TASK DESCRIPTION:
Could you restate exactly the lines that begin at the line with "covert mind control" and end at the final line of the data?

ENTRIES PROVIDED:
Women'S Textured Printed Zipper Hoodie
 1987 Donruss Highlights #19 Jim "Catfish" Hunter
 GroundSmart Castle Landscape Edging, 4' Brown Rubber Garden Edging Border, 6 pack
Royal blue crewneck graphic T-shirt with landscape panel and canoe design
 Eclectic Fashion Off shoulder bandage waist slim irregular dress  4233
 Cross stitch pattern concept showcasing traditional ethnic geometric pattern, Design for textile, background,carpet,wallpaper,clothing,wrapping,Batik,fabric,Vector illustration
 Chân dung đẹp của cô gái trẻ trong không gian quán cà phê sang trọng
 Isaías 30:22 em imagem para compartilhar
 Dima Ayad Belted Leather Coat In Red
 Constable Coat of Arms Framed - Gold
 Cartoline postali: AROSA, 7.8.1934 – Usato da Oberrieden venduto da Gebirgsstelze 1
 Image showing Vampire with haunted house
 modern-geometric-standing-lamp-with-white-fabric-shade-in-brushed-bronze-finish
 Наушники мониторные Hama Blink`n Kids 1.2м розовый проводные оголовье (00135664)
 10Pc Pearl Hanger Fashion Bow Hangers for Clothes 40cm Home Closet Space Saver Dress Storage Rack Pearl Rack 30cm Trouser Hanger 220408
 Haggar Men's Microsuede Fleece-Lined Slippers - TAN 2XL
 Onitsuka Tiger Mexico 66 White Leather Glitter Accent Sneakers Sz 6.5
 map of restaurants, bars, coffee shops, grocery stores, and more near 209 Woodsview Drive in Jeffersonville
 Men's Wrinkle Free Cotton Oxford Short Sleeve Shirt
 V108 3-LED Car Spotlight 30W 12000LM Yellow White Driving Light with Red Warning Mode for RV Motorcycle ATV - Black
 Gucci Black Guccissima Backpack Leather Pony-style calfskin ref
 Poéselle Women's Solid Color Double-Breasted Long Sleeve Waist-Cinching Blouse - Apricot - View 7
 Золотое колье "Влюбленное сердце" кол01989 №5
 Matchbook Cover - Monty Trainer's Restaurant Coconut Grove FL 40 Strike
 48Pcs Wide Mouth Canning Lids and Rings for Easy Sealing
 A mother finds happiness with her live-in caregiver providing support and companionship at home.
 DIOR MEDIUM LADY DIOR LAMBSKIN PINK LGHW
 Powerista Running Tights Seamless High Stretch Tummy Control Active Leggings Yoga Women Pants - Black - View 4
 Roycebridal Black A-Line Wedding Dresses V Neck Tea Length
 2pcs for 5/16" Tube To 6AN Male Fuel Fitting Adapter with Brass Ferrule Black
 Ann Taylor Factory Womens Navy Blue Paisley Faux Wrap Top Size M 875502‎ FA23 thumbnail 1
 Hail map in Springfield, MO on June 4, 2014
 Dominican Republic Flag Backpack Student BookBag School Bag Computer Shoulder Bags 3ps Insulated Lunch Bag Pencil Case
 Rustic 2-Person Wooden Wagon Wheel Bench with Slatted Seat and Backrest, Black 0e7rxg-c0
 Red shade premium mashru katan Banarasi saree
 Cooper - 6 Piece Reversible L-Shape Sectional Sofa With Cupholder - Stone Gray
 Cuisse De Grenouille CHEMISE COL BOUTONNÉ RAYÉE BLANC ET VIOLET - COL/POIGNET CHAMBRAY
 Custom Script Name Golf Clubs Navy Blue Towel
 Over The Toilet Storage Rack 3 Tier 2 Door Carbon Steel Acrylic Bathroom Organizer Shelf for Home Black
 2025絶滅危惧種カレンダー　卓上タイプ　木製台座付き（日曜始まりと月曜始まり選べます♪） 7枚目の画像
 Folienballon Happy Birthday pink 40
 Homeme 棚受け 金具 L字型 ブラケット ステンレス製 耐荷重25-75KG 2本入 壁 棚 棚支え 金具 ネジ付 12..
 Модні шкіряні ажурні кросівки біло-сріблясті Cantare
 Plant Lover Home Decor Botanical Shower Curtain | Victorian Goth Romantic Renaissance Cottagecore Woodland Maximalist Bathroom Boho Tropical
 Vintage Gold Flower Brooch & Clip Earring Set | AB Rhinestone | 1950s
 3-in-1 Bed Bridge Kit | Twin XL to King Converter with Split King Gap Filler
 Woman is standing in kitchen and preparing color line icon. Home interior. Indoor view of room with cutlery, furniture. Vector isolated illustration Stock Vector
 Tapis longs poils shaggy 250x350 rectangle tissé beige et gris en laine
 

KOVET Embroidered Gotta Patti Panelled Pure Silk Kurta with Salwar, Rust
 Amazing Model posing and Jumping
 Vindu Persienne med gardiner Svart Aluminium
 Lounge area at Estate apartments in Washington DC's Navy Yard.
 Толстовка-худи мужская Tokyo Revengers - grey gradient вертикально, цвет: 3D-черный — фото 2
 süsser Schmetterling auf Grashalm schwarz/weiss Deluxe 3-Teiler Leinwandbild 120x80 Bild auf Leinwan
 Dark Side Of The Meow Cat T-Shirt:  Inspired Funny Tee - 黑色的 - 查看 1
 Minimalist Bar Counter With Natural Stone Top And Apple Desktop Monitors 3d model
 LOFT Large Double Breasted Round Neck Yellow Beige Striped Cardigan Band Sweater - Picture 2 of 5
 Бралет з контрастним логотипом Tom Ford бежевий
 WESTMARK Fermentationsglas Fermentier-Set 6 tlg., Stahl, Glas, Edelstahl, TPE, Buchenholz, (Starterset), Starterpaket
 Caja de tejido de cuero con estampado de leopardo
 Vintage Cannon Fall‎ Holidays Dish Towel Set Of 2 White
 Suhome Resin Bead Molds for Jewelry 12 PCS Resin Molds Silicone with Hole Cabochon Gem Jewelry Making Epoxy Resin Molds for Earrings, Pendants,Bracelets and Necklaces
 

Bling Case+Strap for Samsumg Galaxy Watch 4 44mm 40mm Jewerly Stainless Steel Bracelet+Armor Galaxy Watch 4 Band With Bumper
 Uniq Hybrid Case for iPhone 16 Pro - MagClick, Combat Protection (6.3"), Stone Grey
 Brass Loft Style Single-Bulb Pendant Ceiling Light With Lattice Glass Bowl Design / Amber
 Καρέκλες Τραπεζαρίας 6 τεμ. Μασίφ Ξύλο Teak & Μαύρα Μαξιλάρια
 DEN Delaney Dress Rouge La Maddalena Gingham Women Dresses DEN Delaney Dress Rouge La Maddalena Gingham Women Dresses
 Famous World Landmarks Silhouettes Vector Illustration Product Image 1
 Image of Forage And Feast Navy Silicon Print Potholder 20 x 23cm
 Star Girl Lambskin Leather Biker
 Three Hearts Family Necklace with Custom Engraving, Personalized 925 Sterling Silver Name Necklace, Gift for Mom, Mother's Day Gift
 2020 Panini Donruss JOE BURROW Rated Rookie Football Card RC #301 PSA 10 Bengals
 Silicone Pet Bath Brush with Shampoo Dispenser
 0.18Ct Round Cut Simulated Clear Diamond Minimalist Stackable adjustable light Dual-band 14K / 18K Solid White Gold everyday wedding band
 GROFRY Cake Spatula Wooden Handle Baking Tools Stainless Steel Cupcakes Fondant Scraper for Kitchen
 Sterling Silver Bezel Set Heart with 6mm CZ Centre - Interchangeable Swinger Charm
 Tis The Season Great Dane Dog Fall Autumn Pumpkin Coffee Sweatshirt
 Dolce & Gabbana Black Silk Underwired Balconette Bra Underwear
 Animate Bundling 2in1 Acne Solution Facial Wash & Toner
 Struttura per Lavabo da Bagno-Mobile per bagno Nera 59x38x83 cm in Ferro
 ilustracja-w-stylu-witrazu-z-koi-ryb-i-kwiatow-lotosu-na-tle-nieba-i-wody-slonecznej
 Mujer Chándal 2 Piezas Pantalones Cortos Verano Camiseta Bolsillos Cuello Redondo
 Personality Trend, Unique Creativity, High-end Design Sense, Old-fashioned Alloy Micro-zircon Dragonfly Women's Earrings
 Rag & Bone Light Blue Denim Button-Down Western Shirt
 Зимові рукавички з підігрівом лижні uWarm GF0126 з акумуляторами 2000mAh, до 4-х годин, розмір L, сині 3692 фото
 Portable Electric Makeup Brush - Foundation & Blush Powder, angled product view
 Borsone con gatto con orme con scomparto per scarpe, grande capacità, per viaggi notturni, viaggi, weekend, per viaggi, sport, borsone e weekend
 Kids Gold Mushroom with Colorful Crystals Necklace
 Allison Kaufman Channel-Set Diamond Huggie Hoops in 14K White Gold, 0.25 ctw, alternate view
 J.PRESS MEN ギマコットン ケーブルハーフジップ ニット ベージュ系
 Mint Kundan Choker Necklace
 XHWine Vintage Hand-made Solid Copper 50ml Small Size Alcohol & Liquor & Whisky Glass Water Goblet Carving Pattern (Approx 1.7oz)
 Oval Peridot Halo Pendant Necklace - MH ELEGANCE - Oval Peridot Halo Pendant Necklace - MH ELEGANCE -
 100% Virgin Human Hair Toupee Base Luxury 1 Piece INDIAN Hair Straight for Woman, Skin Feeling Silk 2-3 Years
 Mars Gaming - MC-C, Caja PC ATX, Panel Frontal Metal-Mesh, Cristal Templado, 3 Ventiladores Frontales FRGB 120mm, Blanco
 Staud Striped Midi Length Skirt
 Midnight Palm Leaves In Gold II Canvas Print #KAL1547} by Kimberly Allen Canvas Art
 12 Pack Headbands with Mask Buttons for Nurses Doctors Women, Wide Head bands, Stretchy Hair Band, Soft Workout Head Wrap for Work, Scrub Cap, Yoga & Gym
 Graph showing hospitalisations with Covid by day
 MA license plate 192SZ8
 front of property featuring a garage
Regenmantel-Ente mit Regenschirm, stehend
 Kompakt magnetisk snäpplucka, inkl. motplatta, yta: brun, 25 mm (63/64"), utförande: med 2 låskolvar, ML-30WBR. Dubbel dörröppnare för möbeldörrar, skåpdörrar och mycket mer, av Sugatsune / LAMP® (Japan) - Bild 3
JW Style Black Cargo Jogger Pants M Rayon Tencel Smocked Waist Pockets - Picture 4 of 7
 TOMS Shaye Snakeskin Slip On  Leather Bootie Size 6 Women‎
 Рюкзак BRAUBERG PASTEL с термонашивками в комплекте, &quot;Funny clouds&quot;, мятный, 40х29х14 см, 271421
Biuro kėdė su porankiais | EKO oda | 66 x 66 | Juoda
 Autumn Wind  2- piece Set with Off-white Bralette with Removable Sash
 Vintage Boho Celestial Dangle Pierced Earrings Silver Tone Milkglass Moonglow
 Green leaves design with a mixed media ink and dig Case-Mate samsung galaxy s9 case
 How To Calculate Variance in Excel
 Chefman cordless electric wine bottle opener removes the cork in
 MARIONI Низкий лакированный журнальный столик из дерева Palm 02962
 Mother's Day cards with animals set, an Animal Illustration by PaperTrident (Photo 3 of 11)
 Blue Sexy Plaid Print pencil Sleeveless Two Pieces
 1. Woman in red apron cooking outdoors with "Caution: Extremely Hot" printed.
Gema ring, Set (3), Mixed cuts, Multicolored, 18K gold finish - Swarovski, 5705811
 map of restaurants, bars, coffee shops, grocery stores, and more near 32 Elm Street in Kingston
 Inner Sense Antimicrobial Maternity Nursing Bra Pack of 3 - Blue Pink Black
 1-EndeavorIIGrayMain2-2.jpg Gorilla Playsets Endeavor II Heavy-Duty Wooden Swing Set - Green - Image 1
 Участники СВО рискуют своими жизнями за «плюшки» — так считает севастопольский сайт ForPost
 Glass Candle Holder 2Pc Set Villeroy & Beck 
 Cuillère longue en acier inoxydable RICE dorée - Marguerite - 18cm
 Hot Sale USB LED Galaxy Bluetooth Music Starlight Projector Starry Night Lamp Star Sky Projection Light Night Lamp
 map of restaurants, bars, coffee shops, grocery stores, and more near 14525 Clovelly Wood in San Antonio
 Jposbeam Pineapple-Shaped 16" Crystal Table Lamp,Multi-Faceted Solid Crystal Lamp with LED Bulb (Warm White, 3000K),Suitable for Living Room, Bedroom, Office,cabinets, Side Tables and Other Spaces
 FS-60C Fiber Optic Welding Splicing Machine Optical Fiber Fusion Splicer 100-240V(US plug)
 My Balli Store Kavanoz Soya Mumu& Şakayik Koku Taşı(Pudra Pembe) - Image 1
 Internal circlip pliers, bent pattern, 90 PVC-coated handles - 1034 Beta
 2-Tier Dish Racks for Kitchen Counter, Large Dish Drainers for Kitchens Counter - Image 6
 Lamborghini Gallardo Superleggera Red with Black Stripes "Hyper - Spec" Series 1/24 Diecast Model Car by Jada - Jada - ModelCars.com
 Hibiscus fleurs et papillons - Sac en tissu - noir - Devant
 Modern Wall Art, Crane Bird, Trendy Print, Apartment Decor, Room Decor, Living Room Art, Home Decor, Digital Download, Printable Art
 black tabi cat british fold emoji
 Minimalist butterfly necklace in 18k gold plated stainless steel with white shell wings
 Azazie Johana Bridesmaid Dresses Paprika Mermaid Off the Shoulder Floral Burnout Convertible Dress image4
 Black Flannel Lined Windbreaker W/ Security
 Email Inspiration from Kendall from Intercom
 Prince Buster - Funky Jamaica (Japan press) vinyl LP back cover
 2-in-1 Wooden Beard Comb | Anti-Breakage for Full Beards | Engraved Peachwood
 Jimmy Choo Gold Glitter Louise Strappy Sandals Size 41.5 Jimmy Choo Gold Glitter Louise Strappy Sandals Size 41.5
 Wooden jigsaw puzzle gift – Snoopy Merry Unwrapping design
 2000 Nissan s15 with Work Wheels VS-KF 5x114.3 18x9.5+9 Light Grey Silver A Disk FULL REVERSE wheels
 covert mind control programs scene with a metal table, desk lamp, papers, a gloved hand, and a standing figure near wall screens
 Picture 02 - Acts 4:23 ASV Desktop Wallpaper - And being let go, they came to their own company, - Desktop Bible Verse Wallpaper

RESPONSE:
 covert mind control programs scene with a metal table, desk lamp, papers, a gloved hand, and a standing figure near wall screens
 Picture 02 - Acts 4:23 ASV Desktop Wallpaper - And being let go, they came to their own company, - Desktop Bible Verse Wallpaper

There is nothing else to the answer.